On February 21, 2023, Defendant filed its demurrer and motion to strike as to the FAC. Defendant argued that the IIEI claim was barred by the one-year statute of limitations of Code of Civil Procedure section 366.3, and otherwise failed to allege facts sufficient to state that claim.

On March 22, 2023, the Court overruled the demurrer and denied the motion to strike.

On April 5, 2023, Defendant filed its answer to the complaint generally denying the allegations thereof and asserting 19 affirmative defenses.

Related to this case is probate action Case No. 23PR00189. That action was filed by Sharon Kennedy, through her attorneys M&H, as a petition for instructions to determine deceased settlor’s heirs and identify beneficiaries of the trust. M&H was not a party to the probate action nor was that action consolidated with the present action.

On November 27, 2023, as the result of private mediation, a settlement was reached in the probate case whereby Plaintiffs agreed to dismiss the civil action with prejudice in exchange for the sum of $5,000,000.00.

Plaintiffs filed a request for dismissal with prejudice, in this action, on January 24, 2024. M&H filed and served a memorandum of costs on February 2, 2024, seeking prevailing party total costs of $19,710.79.

Plaintiffs’ counsel mis-calendared the correct deadline to file a motion to strike costs. The motion was required to be filed and served no later than February 21, 2024. On February 20, 2024, Plaintiffs’ counsel realized the calendaring error and requested an extension of time to March 1, 2024. M&H declined the request for an extension.

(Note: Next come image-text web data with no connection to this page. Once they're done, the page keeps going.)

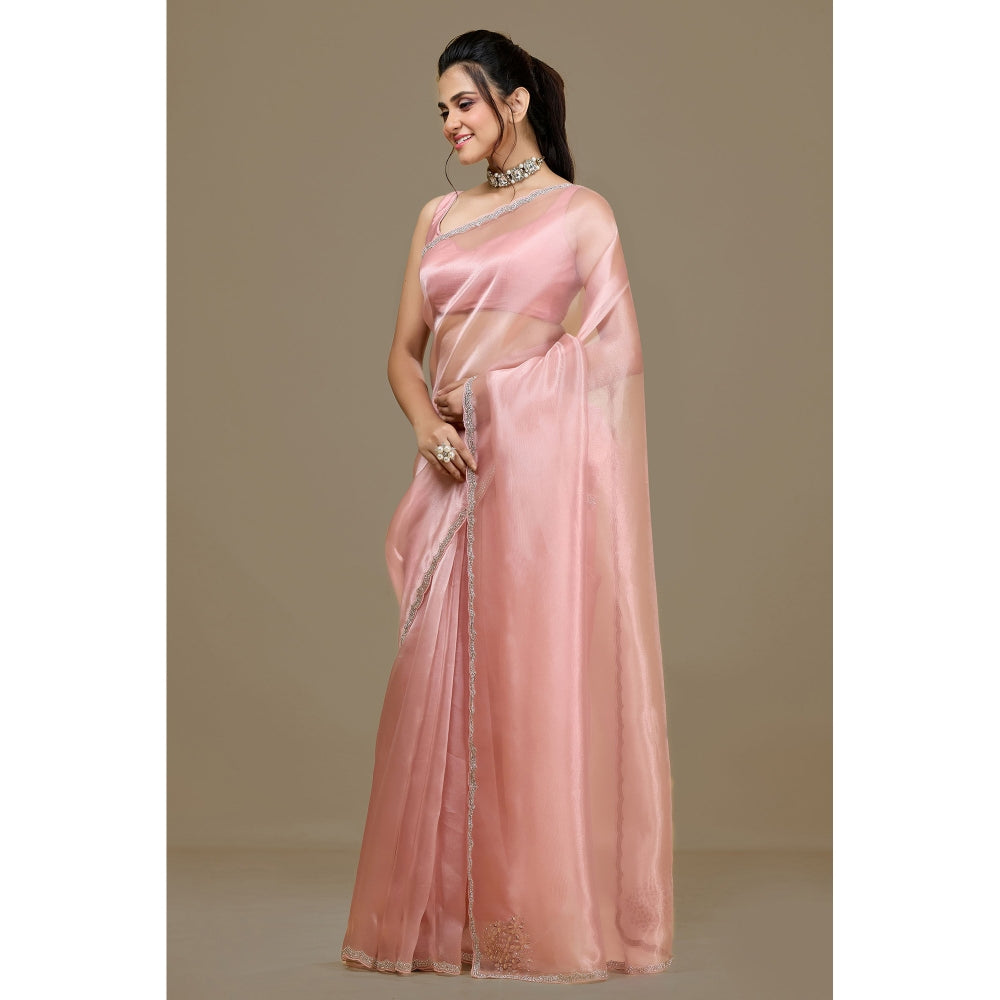 Aparnaa Pink Paper Silk Handwork Border Saree and Unstitched Blouse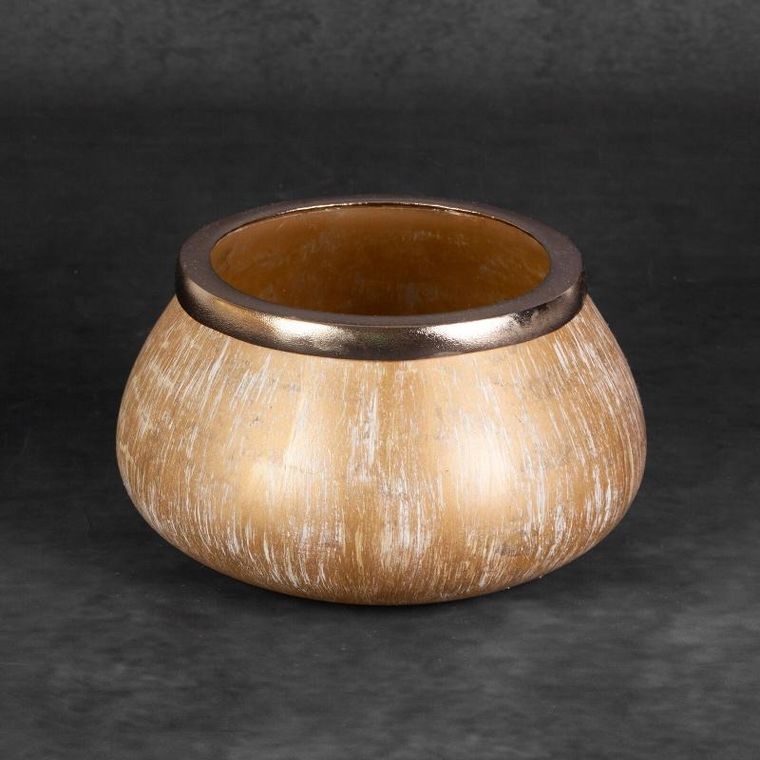 Eurofirany, szklana misa dekoracyjna, Fena, 18-10 cm, złoty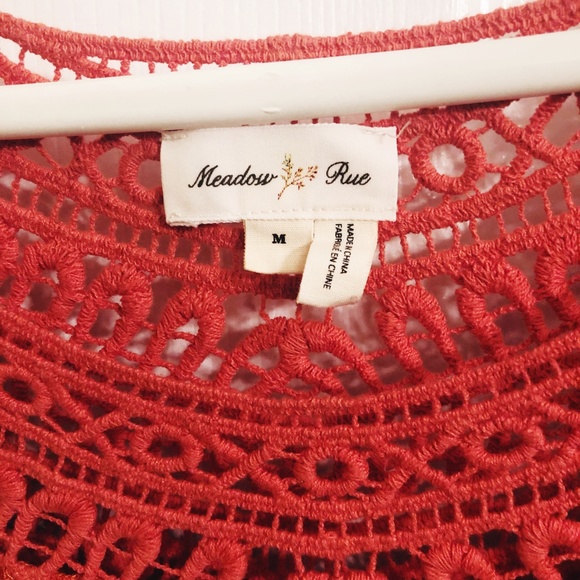 Anthropologie Meadow Rue Coral Crochet Medium Top - Picture 3 of 4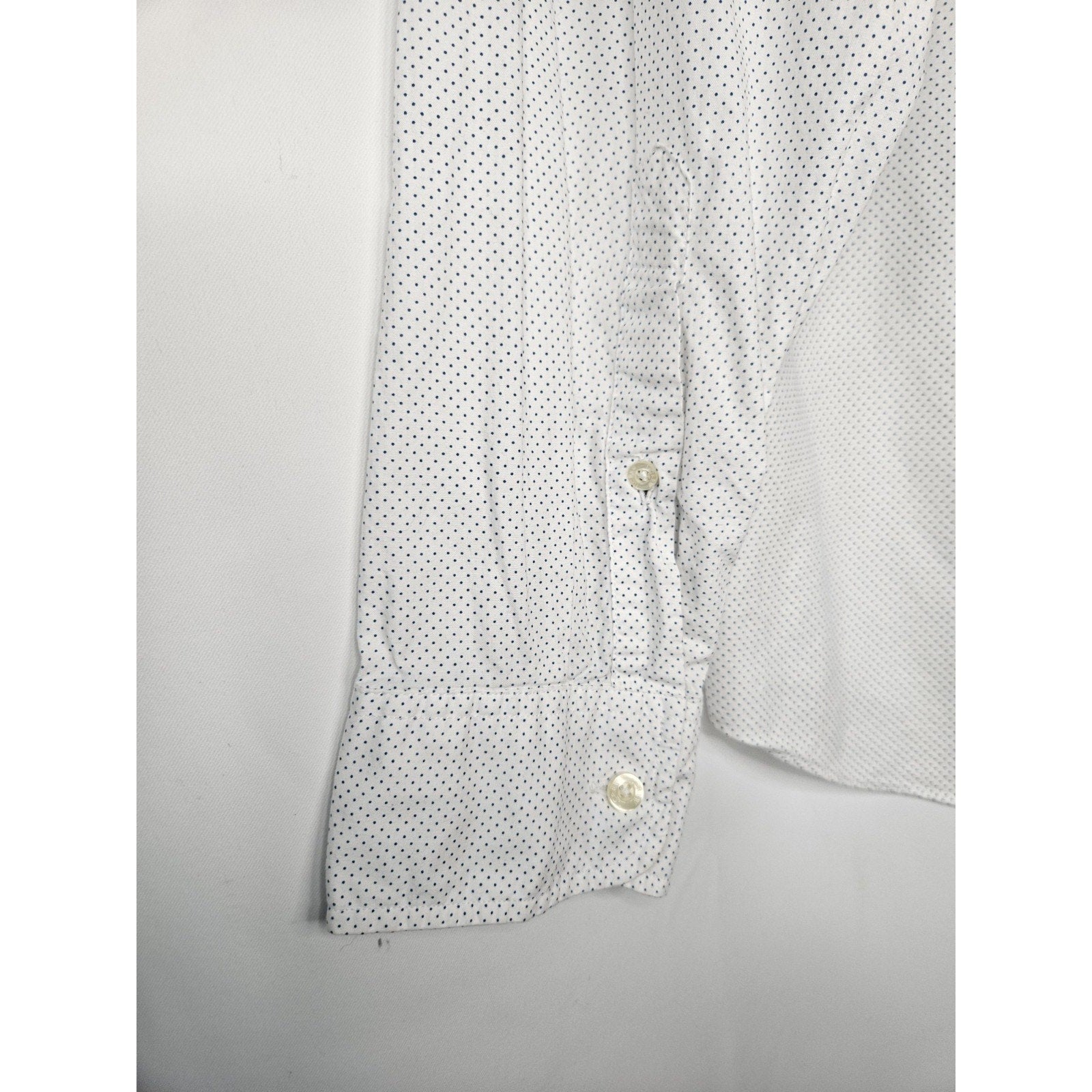 Vintage J Crew Shirt Men's Large White Navy Polka Dots Long Sleeve Button Up
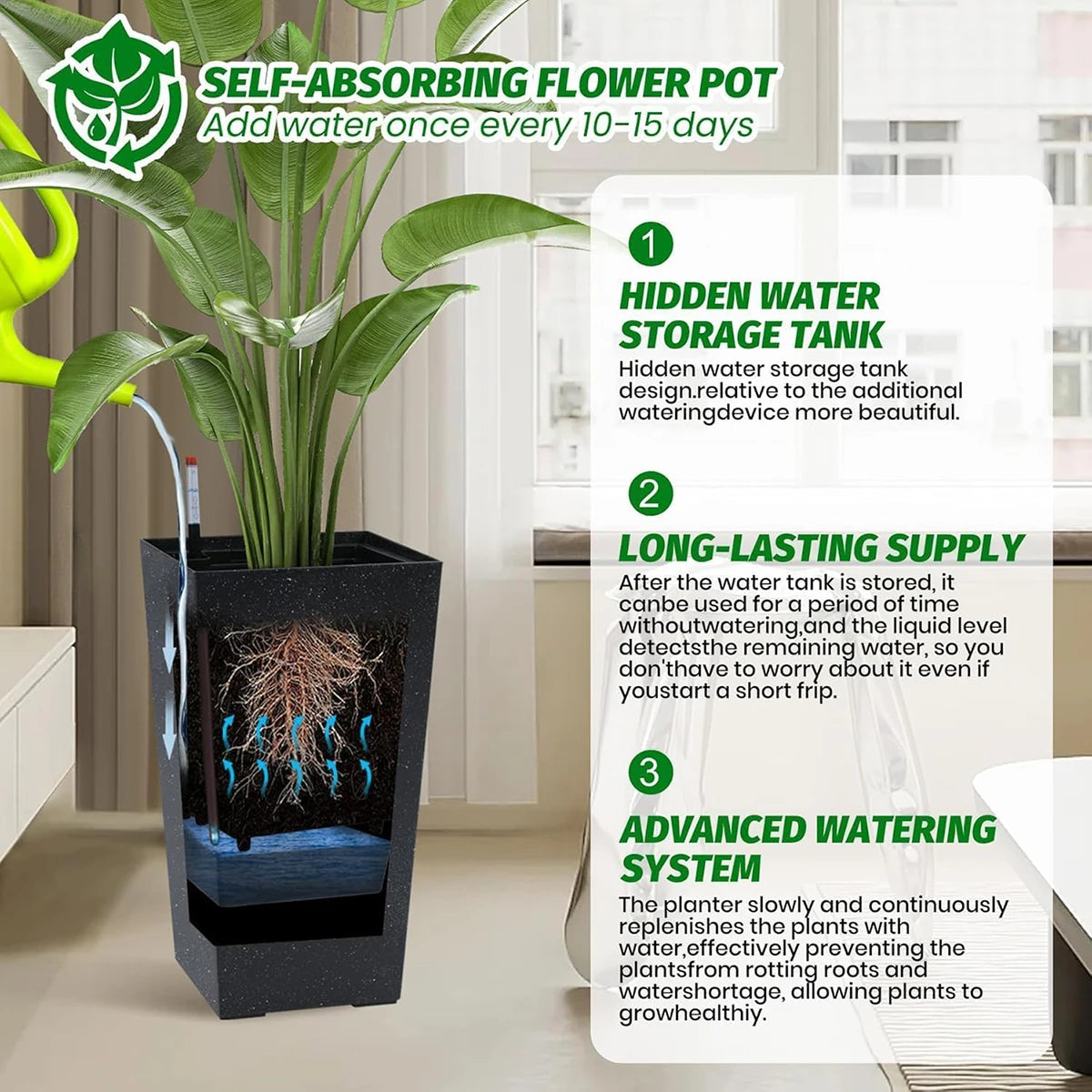 Twister.Ck Rectangular Planters With Drainage Water Monitor For Indoor Outdoor
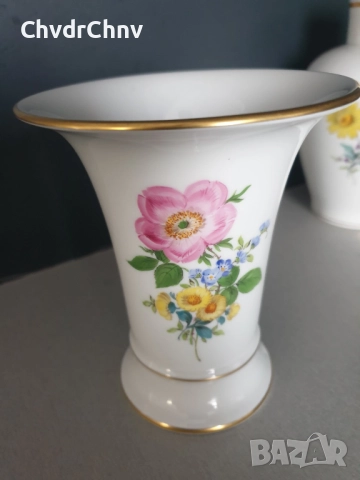 Meissen вази 14-17см/чиния 29см/стара Майсен порцеланова ваза-плато/бяла-цветя-злато, снимка 7 - Вази - 52463835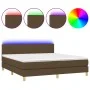 Cama box spring con colchón LED tela marrón oscuro 160x200 cm de , Camas y somieres - Ref: Foro24-3133568, Precio: 475,43 €, ...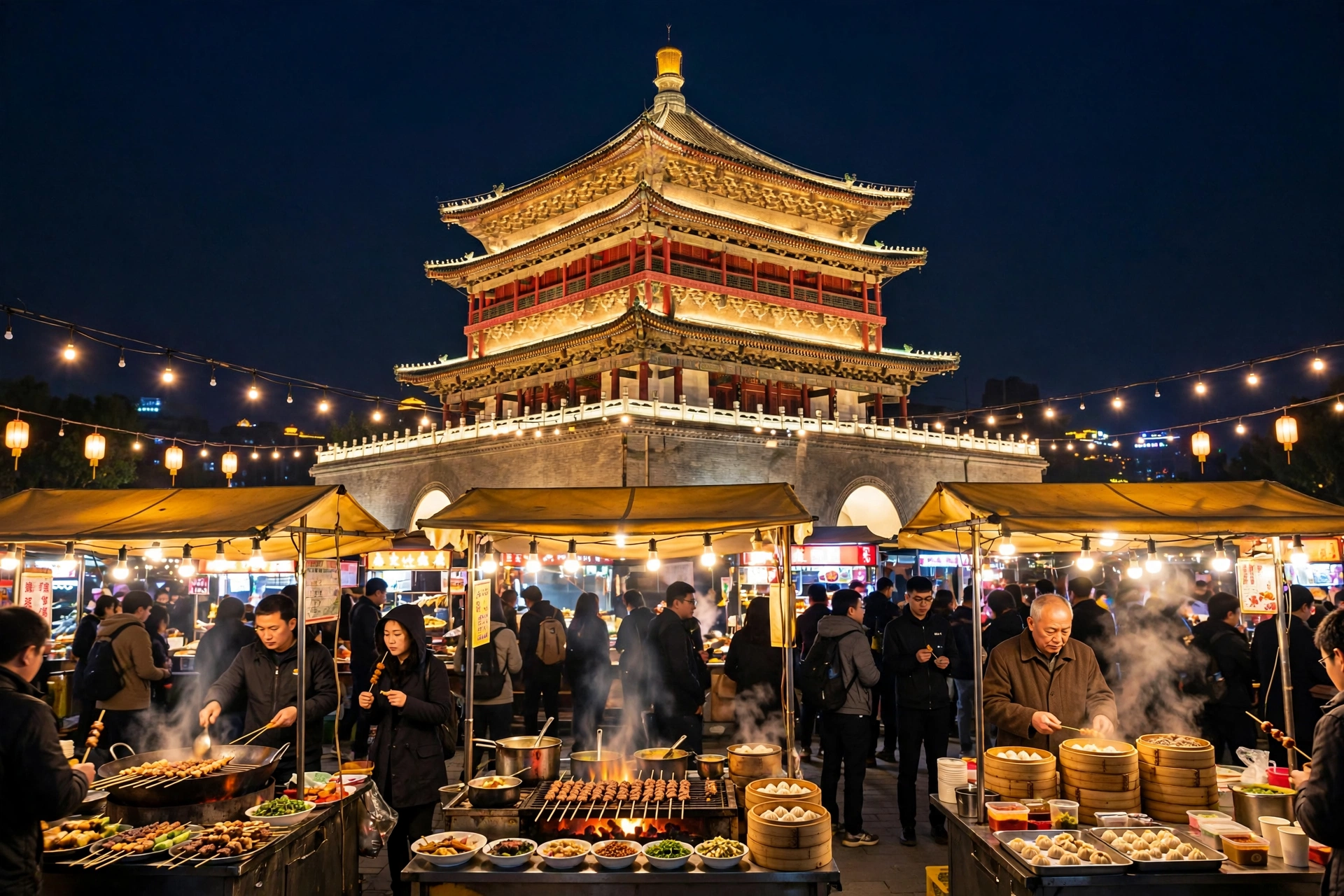 Xi'an Bell Tower illuminated at night with street food stalls, gateway city for Mount Huashan trips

Plaintiffs filed the present motions for relief from failure to timely file a motion to strike, and to strike M&H’s costs on March 1, 2024, arguing that Plaintiffs were the prevailing party.

M&H opposes both motions.

Analysis

            Motion for Relief from Failure to Timely File Motion to Strike Costs

“Any notice of motion to strike or to tax costs must be served and filed 15 days after service of the cost memorandum. If the cost memorandum was served by mail, the period is extended as provided in Code of Civil Procedure section 1013. If the cost memorandum was served electronically, the period is extended as provided in Code of Civil Procedure section 1010.6(a)(4).” (Cal. Rules of Court, rule 3.1700(b)(1).)

“The party claiming costs and the party contesting costs may agree to extend the time for serving and filing the cost memorandum and a motion to strike or tax costs. This agreement must be confirmed in writing, specify the extended date for service, and be filed with the clerk. In the absence of an agreement, the Court may extend the times for serving and filing the cost memorandum or the notice of motion to strike or tax costs for a period not to exceed 30 days.” (Cal. Rules of Court, rule 3.1700(b)(3); Italics added.)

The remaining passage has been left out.